Everything We Touch in Dubai
The most recent version of Paula Zuccotti’s series, a pop-up installation during the Dubai Design Week, highlighted the city’s position as a cross-cultural hub
While Paula Zuccotti was in Dubai, setting up the objects for the most recent iteration of her Everything We Touch series, people in her native Argentina were engaged in a heated debate about mate. The tea and its container were the throwaway subjects of a viral WhatsApp audio message from a woman who complained about her neighbours’ intake of a drink so widespread it’s almost a national cliché. And yet, here was the “cheta del Nordelta” —the posh lady from the Nordelta— politically charging what was previously thought to be a social leveller.
Even everyday objects have a lot to say depending on who owns them.

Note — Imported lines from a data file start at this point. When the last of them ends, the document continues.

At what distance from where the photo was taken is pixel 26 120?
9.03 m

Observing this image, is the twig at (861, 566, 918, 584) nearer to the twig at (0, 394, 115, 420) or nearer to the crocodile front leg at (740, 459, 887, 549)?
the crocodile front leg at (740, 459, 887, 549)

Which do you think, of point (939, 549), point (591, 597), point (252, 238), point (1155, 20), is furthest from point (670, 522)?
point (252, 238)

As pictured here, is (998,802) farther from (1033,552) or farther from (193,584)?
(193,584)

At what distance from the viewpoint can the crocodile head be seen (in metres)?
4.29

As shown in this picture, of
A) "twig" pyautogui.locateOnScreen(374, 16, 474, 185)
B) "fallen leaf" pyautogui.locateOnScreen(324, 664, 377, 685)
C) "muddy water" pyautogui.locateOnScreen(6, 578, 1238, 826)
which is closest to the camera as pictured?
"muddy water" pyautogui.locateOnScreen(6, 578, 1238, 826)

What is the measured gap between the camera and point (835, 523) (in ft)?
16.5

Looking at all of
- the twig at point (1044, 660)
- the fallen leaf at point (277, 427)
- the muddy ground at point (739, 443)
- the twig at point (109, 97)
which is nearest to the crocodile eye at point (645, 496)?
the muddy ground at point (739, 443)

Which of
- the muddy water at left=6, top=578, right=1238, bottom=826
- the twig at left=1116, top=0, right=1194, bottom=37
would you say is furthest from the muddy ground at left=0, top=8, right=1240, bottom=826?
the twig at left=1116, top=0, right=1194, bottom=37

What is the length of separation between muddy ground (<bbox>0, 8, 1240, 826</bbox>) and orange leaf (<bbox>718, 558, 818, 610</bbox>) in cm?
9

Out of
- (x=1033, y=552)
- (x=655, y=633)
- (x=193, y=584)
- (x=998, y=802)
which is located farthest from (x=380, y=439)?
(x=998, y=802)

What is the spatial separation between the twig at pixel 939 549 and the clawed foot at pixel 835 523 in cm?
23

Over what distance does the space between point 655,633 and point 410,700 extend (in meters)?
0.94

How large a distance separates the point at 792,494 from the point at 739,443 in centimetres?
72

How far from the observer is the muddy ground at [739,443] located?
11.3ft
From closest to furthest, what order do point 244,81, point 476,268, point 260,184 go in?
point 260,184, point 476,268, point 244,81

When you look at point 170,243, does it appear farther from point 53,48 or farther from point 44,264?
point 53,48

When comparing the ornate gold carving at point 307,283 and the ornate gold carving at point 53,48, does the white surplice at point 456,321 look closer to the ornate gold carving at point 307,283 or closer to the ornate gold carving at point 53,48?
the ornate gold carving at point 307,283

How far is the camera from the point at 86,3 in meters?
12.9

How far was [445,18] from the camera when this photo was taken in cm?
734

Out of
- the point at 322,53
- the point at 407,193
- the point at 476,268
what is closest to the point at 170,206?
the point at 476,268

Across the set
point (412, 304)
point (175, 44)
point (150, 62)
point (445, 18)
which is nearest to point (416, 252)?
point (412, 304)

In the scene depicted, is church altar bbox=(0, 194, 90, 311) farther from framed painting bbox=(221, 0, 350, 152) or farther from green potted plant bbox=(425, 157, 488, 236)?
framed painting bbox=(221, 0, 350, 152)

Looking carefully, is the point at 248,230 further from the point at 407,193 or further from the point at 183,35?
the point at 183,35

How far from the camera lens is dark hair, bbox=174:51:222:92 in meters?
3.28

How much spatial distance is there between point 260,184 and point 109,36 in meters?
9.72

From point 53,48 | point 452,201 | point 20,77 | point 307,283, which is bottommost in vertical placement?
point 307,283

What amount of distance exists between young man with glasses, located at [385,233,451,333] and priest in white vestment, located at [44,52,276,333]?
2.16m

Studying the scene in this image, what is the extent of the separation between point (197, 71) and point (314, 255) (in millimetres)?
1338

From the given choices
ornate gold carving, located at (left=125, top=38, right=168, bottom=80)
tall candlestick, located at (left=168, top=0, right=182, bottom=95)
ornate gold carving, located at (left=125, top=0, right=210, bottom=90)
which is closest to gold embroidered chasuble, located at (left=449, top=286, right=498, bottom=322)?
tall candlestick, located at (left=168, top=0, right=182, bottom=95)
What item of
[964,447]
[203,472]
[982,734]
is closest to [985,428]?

That’s been the basis of the Everything We Touch photo series, which Zuccotti started in her adoptive hometown of London. By documenting the items that people all over the world come in contact with in 24 hours, she hoped to find uncomplicated ways to explain our complicated motivations, weaknesses and sources of joy. “These objects are a window into someone else’s lives,” she explains. “The objects act as storytellers in their own right, and while you are trying to piece together a day in someone’s life by reconstructing their physical footprint you learn about their needs, their desires, their beliefs, their hopes and sometimes their fears via the things they come in touch with.”

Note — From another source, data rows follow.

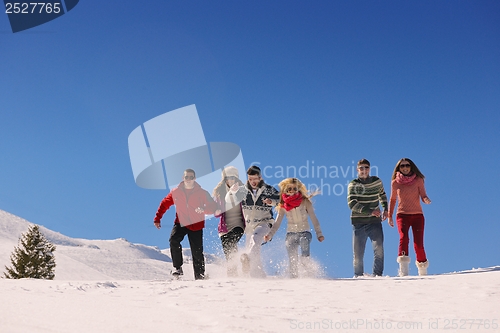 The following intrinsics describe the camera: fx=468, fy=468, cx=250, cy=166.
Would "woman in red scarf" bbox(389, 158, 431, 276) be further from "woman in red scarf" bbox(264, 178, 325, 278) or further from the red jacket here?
the red jacket

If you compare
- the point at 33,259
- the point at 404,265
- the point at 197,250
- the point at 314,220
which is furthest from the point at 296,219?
the point at 33,259

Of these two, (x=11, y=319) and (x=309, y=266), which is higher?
(x=309, y=266)

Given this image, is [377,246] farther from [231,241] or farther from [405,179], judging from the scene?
[231,241]

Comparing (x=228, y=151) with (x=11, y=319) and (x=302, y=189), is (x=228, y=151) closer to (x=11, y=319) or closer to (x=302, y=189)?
(x=302, y=189)

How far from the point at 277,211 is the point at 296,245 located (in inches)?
30.8

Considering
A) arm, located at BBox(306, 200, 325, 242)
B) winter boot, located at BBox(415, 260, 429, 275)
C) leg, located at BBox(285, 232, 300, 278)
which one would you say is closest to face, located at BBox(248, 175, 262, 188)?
arm, located at BBox(306, 200, 325, 242)

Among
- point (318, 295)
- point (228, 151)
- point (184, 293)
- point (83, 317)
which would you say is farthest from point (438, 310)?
point (228, 151)

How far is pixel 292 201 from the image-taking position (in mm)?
8484

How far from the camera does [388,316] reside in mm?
4758

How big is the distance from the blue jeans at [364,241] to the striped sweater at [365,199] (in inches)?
4.6

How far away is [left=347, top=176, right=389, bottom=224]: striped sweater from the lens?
353 inches

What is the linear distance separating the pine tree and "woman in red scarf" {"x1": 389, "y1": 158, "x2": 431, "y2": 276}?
25.8m

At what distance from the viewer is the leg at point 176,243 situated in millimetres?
8828

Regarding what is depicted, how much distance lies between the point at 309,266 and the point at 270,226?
1087 millimetres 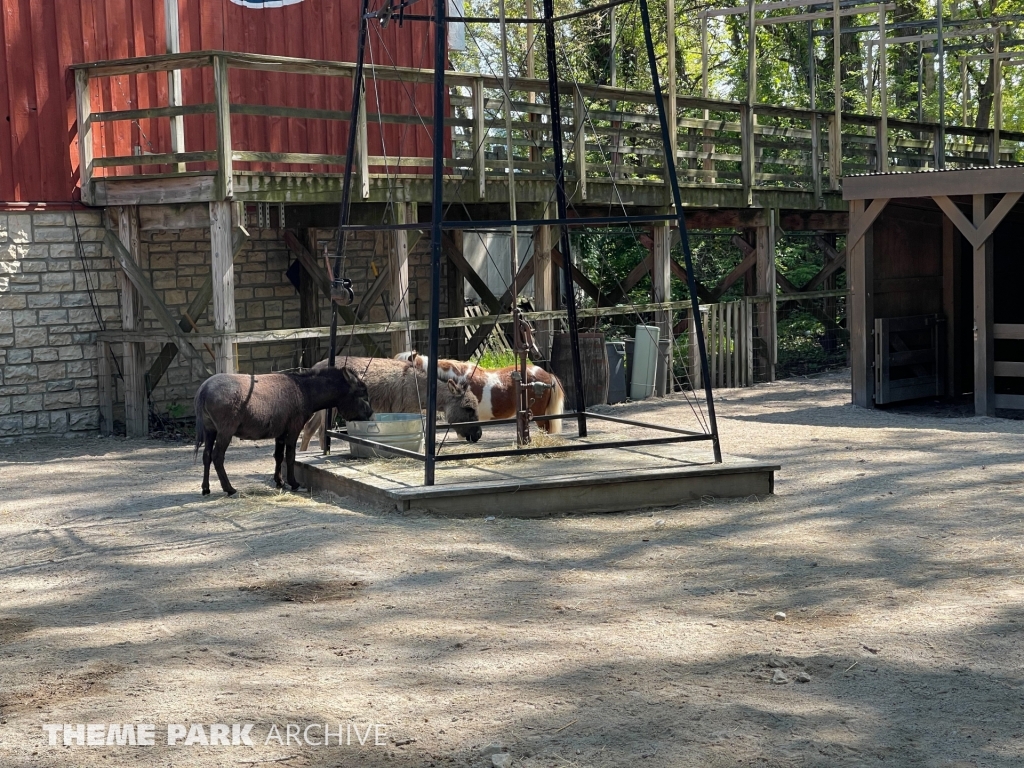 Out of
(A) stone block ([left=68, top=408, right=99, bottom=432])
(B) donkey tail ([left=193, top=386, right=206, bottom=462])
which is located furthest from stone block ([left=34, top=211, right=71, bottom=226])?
(B) donkey tail ([left=193, top=386, right=206, bottom=462])

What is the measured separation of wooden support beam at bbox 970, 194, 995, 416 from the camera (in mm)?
15453

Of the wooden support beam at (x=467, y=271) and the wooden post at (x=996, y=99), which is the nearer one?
the wooden support beam at (x=467, y=271)

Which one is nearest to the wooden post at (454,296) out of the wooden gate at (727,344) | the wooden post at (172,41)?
the wooden gate at (727,344)

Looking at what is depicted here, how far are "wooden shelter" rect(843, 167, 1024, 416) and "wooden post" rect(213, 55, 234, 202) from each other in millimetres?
7646

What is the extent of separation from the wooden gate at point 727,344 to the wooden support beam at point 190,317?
7.60 metres

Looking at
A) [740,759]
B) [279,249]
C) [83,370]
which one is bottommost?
[740,759]

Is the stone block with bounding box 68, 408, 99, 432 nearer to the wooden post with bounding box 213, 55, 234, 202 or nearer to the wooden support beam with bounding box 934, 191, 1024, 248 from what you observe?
the wooden post with bounding box 213, 55, 234, 202

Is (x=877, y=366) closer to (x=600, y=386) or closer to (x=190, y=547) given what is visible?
(x=600, y=386)

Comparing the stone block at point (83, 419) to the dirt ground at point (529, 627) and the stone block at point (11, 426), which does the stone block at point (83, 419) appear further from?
the dirt ground at point (529, 627)

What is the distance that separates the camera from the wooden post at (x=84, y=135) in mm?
14281

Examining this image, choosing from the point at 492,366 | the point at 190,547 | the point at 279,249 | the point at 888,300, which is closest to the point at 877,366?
the point at 888,300

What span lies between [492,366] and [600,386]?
2074 millimetres

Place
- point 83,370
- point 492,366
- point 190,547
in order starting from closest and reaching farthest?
point 190,547, point 83,370, point 492,366

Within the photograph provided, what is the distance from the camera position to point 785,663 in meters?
6.06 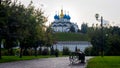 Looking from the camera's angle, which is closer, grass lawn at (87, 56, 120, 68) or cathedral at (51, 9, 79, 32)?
grass lawn at (87, 56, 120, 68)

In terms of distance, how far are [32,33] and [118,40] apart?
23.8m

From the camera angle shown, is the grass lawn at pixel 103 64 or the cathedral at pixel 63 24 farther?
the cathedral at pixel 63 24

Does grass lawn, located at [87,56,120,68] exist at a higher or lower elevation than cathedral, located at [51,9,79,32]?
lower

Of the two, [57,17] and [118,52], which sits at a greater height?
[57,17]

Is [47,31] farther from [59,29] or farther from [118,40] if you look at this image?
[59,29]

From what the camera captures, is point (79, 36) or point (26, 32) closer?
point (26, 32)

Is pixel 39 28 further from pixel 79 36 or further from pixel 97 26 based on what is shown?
pixel 79 36

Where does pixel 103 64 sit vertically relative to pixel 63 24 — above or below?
below

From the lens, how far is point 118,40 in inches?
3123

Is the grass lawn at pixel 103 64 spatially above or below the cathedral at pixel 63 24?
below

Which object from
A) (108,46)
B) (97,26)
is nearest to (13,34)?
(108,46)

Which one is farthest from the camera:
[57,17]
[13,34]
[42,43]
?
[57,17]

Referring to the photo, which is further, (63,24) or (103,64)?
(63,24)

For the Dubai Design Week, Zuccotti created a pop-up live installation, documenting the lives of locals both UAE and foreign born —understandable, with the ratio of expatriates to Emiratis in the country being around 4:1.
There are the objects lent by Yosor, a 37-year-old Iraqi who works in the DDFC Dubai Design Fashion Council and reads Mitch Albom. In the image containing the possesions of Jagjet, a 28-year-old from India who works at a transportation company, the neon yellow of a safety vest is overshadowed by the presence of sporting items. 21-year-old Mariam, born in Abu Dhabi, makes English-inspired dresses for girls and still uses a rotary phone. The chef and founder of the Cuisine Uno restaurant, John from the Philippines, pays as much attention to wine as he does to pie charts —and apparently commits the chef crime of eating Weetabix for breakfast.
“From work tools to sports equipment, from clothing to beauty and grooming, from food to medicines to vitamins, from religious items to rituals and customs, the photos talk about the multiculturalism and the fabric of everyday lives in Dubai,” explained the researcher. It’s a deceptively simple but surprisingly enlightening way to make sense of the bits of ourselves we place in the things we consume.
In the meantime, Zuccotti is busy finishing her documentary on the project, which took her from Tokyo to Madrid, from Arizona to London. It features the experiences of some of her previous participants, with side notes from design, history and anthropology experts —what she calls a form of “future archeology.” Wonder what future archeology would make of her Dubai series, shot at a place and time of ebullient and yet intricate growth?